AVAILABLE DATA =>
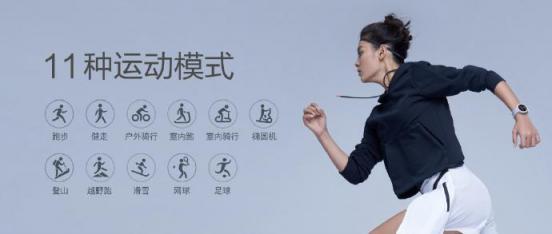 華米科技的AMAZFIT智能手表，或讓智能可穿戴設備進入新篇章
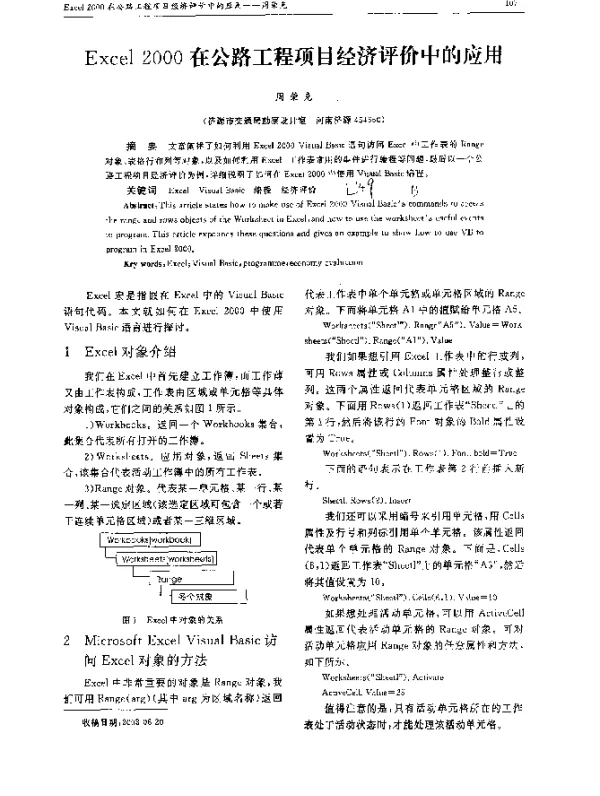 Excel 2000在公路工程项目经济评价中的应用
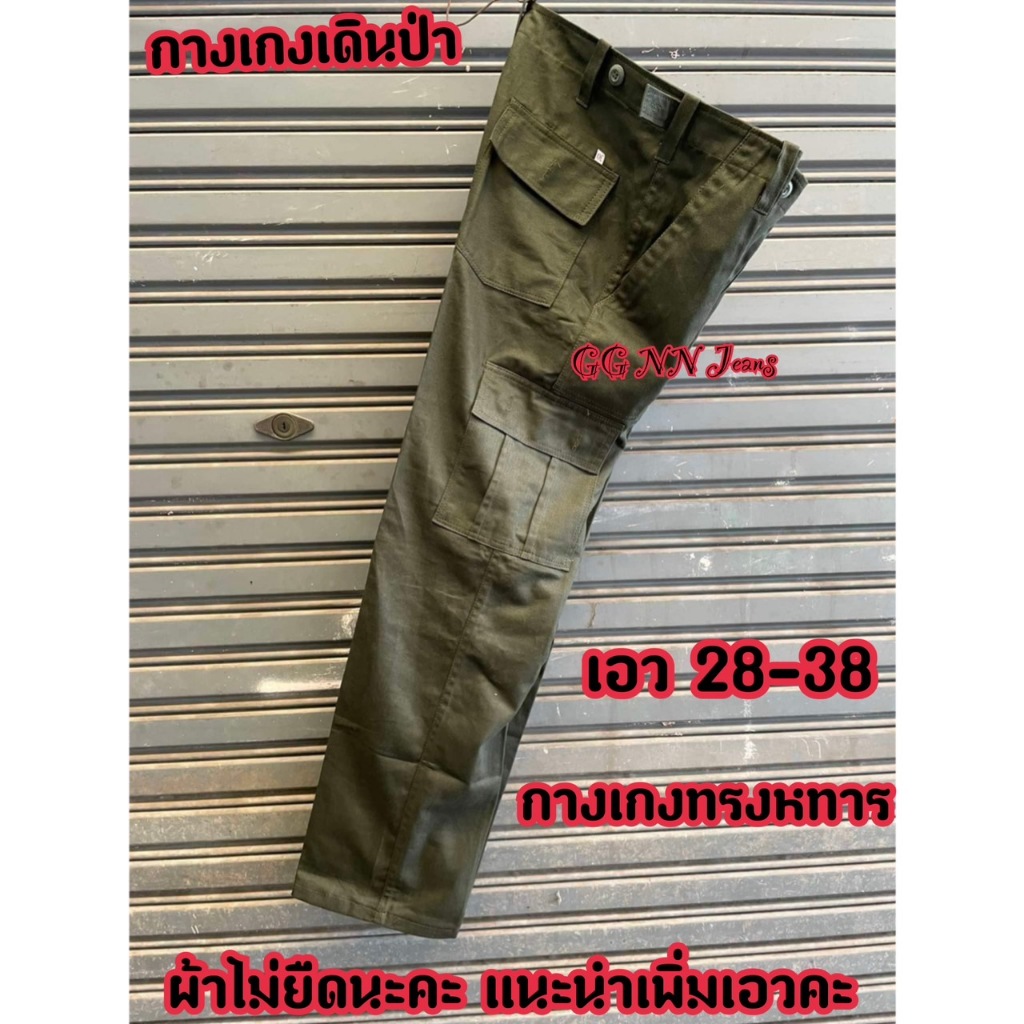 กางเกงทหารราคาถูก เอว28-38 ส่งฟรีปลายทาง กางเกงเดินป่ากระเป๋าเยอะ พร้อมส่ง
--
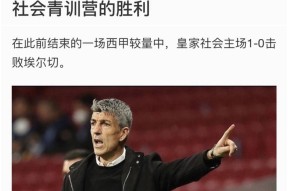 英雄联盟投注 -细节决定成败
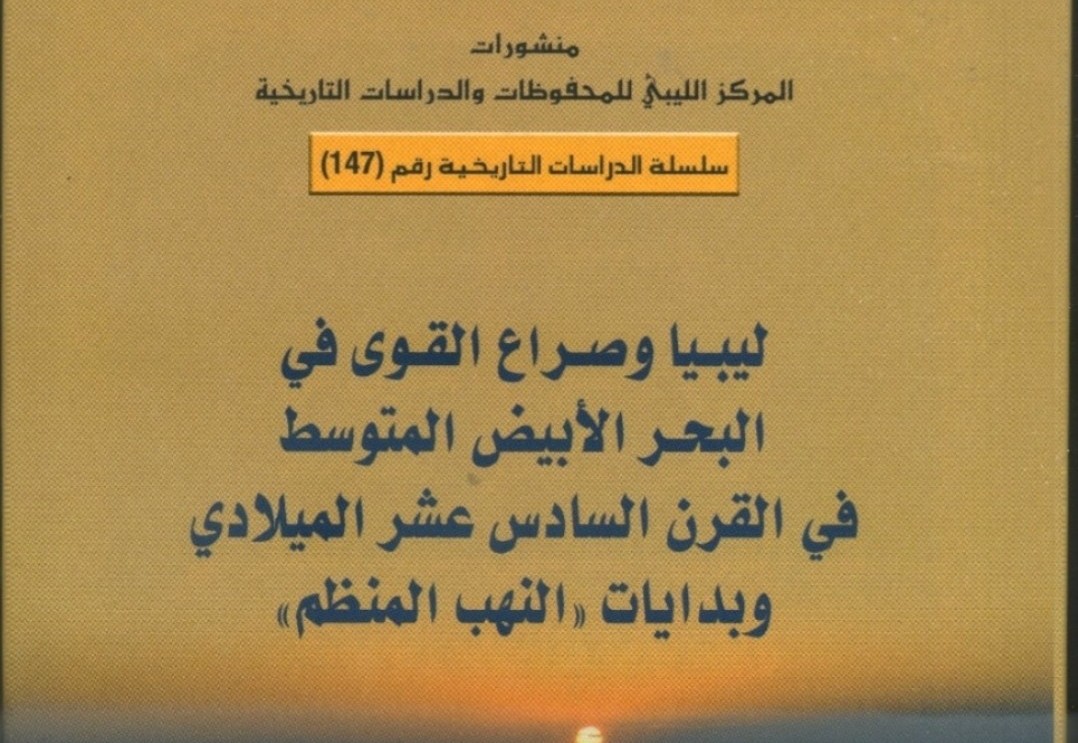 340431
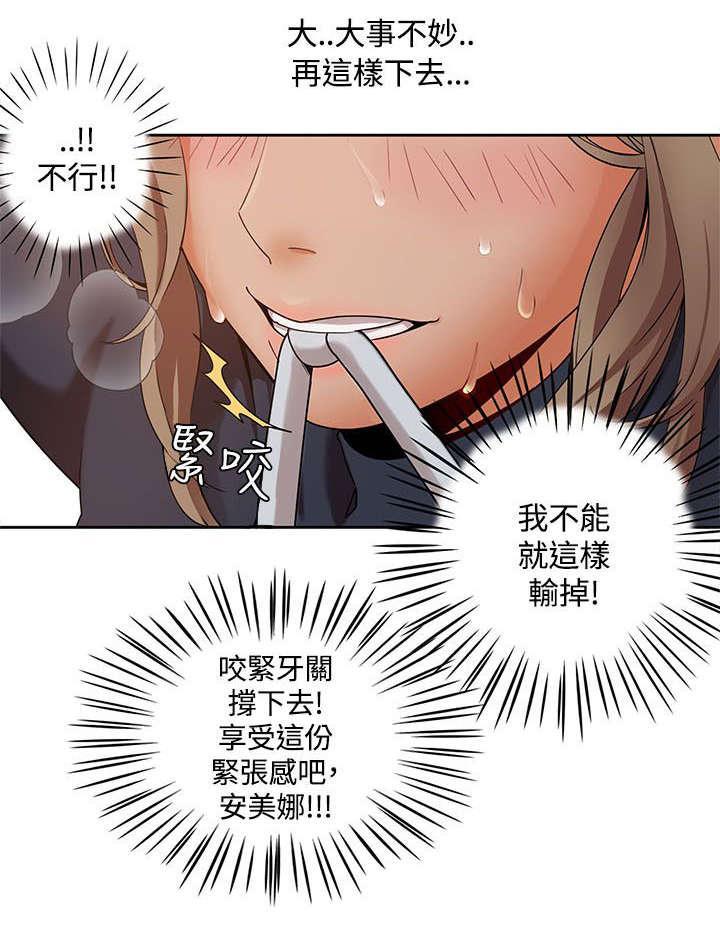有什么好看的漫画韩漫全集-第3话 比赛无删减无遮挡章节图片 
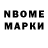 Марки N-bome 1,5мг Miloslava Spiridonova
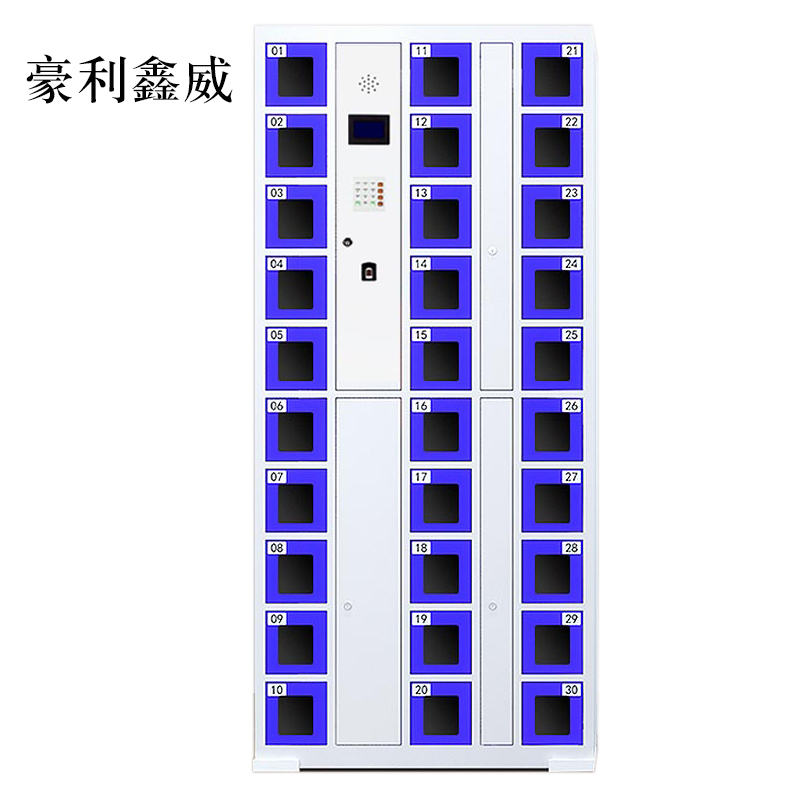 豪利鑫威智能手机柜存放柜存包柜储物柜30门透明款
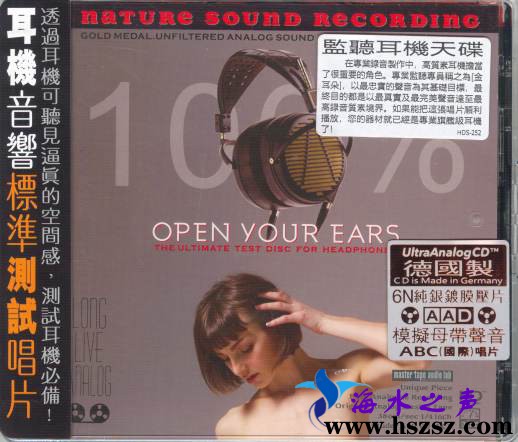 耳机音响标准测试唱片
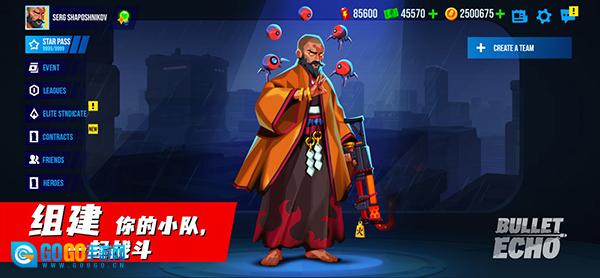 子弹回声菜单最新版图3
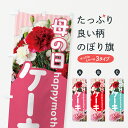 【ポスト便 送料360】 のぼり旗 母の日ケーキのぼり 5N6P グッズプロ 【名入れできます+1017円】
...
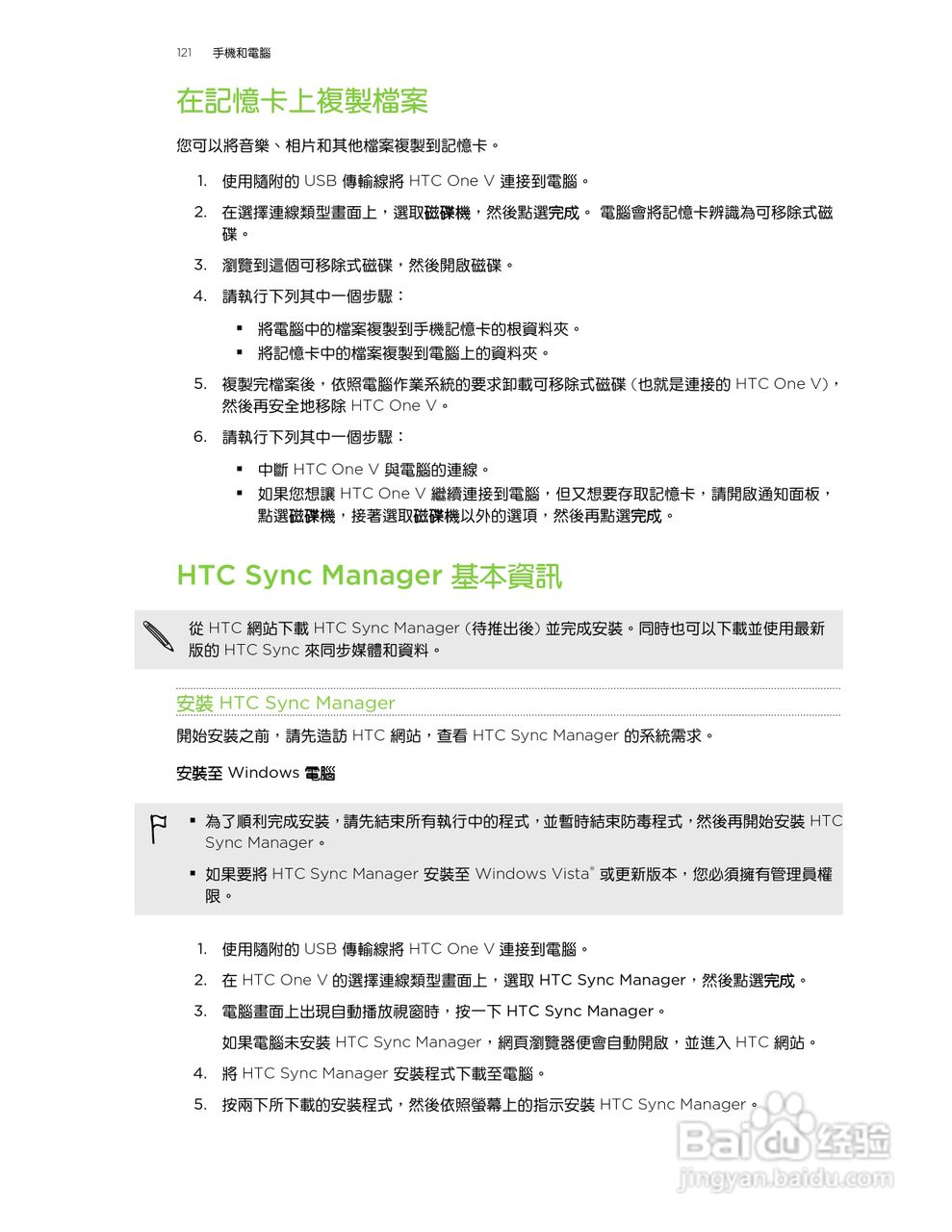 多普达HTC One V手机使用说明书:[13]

EXERCISE => For this exercise, set down the lines in the entries above from the one with "Excel 2000在公路工程项目经济评价中的应用" through the one with "กางเกงทหารราคาถูก เอว28-38 ส่งฟรีปลายทาง" exactly as written, without any pictures.

EXPECTED ANSWER =>
 Excel 2000在公路工程项目经济评价中的应用
 กางเกงทหารราคาถูก เอว28-38 ส่งฟรีปลายทาง กางเกงเดินป่ากระเป๋าเยอะ พร้อมส่ง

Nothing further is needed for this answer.